Print each line exactly, beginning with the one where "Maman crème glacée" appears and ending at the last line below.

Scraped caption text data ::

****************

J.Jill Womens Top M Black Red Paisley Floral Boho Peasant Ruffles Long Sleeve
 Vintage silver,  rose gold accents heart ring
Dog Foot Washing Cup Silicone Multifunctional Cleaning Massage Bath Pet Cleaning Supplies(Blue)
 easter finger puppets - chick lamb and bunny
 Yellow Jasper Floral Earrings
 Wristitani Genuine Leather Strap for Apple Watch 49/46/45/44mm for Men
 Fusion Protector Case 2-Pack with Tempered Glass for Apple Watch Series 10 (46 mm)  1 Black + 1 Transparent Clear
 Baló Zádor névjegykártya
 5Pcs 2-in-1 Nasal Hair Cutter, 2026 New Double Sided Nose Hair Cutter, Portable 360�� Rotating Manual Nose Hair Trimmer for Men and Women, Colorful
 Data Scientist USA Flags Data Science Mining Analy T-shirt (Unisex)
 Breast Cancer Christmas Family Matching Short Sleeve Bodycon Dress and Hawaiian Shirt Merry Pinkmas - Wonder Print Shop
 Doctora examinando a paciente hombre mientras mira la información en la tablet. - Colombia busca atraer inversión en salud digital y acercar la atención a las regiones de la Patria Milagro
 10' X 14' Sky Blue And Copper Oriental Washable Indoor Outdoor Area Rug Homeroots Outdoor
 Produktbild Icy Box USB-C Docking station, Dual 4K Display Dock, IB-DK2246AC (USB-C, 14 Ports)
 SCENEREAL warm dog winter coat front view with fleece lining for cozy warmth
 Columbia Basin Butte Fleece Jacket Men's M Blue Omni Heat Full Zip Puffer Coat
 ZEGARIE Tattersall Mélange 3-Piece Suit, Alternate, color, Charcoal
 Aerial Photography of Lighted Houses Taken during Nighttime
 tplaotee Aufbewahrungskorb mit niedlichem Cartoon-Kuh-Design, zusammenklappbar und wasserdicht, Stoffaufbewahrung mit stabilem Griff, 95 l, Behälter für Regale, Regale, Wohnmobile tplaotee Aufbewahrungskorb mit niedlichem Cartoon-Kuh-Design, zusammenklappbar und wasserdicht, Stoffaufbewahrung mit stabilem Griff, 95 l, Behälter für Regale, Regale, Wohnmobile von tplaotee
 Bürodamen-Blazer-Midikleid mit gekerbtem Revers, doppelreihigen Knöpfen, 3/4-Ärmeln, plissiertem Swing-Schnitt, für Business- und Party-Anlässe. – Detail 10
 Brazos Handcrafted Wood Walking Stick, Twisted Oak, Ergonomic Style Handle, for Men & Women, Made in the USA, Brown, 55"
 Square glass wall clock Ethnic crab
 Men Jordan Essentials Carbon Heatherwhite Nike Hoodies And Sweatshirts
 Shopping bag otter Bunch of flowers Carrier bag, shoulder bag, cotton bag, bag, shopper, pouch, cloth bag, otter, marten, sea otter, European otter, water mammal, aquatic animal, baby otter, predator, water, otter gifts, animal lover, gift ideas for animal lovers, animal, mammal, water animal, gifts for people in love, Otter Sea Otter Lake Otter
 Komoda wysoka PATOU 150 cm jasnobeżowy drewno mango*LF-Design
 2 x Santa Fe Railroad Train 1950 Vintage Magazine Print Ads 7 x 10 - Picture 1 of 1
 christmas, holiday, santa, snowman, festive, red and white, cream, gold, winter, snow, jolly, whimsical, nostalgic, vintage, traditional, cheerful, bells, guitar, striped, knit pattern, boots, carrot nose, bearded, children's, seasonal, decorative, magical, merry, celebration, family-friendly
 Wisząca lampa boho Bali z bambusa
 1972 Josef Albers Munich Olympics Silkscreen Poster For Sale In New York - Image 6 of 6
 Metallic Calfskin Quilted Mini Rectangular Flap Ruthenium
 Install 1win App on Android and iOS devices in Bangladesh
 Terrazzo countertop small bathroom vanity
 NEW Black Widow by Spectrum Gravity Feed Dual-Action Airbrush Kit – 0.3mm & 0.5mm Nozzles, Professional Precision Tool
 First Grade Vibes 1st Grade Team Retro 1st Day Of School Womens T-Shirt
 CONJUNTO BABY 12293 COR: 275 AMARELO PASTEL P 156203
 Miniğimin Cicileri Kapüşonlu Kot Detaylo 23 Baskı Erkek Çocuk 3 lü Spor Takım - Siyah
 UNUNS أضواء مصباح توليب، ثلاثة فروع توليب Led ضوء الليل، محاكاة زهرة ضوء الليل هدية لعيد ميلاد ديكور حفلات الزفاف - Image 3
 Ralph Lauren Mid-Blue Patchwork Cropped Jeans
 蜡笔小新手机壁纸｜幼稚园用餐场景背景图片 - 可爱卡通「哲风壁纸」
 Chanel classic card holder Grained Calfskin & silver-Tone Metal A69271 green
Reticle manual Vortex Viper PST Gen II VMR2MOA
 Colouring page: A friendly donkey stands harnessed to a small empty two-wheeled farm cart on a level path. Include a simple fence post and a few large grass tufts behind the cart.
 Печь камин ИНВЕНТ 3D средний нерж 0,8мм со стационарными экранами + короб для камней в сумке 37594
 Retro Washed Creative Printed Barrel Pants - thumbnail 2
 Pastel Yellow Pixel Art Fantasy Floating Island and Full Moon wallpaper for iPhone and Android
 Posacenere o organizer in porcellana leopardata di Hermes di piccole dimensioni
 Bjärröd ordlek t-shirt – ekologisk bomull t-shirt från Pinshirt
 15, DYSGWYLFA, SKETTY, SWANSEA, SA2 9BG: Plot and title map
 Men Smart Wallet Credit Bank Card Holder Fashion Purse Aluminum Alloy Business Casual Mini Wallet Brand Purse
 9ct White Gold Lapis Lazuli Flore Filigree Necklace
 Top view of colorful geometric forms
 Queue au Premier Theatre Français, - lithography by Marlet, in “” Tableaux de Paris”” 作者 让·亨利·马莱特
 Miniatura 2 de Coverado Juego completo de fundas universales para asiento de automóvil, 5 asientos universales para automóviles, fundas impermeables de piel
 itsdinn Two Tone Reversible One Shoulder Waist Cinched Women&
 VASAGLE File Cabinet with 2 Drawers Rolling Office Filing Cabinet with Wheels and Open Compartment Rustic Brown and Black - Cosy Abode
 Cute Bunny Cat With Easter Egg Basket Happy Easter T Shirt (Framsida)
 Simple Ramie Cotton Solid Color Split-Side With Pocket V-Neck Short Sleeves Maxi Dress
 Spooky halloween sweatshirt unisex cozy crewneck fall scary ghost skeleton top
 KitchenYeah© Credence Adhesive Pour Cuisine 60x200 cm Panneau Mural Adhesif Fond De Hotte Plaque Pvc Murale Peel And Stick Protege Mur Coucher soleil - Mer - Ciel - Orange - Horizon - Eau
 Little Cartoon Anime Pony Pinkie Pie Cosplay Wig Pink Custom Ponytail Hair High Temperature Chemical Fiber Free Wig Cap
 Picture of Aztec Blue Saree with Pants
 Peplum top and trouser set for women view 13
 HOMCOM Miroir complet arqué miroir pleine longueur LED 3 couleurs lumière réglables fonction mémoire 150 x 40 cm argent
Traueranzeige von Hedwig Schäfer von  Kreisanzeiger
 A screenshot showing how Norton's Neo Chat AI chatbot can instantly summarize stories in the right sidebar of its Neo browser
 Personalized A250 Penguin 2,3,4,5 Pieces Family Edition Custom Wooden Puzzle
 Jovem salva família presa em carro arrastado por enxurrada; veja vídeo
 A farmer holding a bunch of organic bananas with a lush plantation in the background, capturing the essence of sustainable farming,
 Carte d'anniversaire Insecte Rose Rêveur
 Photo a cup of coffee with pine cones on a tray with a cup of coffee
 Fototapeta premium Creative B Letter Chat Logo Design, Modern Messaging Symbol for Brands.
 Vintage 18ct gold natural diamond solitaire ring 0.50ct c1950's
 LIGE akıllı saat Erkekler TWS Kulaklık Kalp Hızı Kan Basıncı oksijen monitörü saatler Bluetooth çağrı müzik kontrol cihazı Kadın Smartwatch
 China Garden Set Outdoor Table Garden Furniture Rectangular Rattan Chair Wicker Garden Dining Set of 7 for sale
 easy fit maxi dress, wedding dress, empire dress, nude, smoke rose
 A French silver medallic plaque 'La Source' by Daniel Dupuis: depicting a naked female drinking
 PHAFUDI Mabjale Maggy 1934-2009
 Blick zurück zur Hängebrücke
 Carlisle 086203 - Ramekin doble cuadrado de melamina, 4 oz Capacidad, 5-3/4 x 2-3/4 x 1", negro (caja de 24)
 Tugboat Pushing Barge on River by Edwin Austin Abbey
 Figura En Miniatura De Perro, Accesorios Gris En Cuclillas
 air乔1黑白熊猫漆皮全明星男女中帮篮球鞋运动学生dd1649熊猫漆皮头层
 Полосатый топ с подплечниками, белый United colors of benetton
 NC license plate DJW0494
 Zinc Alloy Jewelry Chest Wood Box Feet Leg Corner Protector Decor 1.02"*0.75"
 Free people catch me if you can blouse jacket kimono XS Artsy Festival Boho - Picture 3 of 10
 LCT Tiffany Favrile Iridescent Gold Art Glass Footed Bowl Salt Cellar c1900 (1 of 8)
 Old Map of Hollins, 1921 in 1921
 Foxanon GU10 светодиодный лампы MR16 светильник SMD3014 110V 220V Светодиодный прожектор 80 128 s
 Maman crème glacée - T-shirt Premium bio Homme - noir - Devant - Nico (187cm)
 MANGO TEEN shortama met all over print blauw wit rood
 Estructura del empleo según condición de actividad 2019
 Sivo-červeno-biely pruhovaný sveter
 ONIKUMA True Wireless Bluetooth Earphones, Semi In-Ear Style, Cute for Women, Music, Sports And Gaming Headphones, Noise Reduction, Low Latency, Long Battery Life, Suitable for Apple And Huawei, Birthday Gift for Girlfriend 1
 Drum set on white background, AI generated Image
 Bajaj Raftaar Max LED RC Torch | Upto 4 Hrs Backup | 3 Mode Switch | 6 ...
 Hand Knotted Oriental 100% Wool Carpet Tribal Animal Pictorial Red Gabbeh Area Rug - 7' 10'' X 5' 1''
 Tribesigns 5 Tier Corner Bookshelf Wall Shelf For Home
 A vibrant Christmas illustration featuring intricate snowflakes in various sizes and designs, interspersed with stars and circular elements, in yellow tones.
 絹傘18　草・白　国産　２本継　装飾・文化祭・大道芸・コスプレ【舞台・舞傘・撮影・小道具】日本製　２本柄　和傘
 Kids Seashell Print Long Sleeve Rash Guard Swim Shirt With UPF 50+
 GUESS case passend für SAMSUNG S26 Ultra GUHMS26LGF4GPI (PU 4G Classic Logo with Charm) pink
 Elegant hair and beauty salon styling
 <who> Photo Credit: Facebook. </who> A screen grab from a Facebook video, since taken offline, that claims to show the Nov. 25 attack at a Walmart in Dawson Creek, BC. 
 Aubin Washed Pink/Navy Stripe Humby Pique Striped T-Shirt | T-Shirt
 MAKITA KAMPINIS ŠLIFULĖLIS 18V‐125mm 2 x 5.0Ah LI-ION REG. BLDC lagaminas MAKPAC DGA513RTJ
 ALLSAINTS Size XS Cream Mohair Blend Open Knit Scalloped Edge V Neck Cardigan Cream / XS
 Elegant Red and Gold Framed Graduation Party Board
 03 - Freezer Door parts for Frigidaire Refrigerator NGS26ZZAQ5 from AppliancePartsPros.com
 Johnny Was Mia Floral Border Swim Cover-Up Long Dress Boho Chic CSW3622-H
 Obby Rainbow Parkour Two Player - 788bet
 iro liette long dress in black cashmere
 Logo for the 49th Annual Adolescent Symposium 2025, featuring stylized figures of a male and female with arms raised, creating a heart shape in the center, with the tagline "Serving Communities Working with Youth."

****************

SOLUTION ::
 Maman crème glacée - T-shirt Premium bio Homme - noir - Devant - Nico (187cm)
 MANGO TEEN shortama met all over print blauw wit rood
 Estructura del empleo según condición de actividad 2019
 Sivo-červeno-biely pruhovaný sveter
 ONIKUMA True Wireless Bluetooth Earphones, Semi In-Ear Style, Cute for Women, Music, Sports And Gaming Headphones, Noise Reduction, Low Latency, Long Battery Life, Suitable for Apple And Huawei, Birthday Gift for Girlfriend 1
 Drum set on white background, AI generated Image
 Bajaj Raftaar Max LED RC Torch | Upto 4 Hrs Backup | 3 Mode Switch | 6 ...
 Hand Knotted Oriental 100% Wool Carpet Tribal Animal Pictorial Red Gabbeh Area Rug - 7' 10'' X 5' 1''
 Tribesigns 5 Tier Corner Bookshelf Wall Shelf For Home
 A vibrant Christmas illustration featuring intricate snowflakes in various sizes and designs, interspersed with stars and circular elements, in yellow tones.
 絹傘18　草・白　国産　２本継　装飾・文化祭・大道芸・コスプレ【舞台・舞傘・撮影・小道具】日本製　２本柄　和傘
 Kids Seashell Print Long Sleeve Rash Guard Swim Shirt With UPF 50+
 GUESS case passend für SAMSUNG S26 Ultra GUHMS26LGF4GPI (PU 4G Classic Logo with Charm) pink
 Elegant hair and beauty salon styling
 <who> Photo Credit: Facebook. </who> A screen grab from a Facebook video, since taken offline, that claims to show the Nov. 25 attack at a Walmart in Dawson Creek, BC. 
 Aubin Washed Pink/Navy Stripe Humby Pique Striped T-Shirt | T-Shirt
 MAKITA KAMPINIS ŠLIFULĖLIS 18V‐125mm 2 x 5.0Ah LI-ION REG. BLDC lagaminas MAKPAC DGA513RTJ
 ALLSAINTS Size XS Cream Mohair Blend Open Knit Scalloped Edge V Neck Cardigan Cream / XS
 Elegant Red and Gold Framed Graduation Party Board
 03 - Freezer Door parts for Frigidaire Refrigerator NGS26ZZAQ5 from AppliancePartsPros.com
 Johnny Was Mia Floral Border Swim Cover-Up Long Dress Boho Chic CSW3622-H
 Obby Rainbow Parkour Two Player - 788bet
 iro liette long dress in black cashmere
 Logo for the 49th Annual Adolescent Symposium 2025, featuring stylized figures of a male and female with arms raised, creating a heart shape in the center, with the tagline "Serving Communities Working with Youth."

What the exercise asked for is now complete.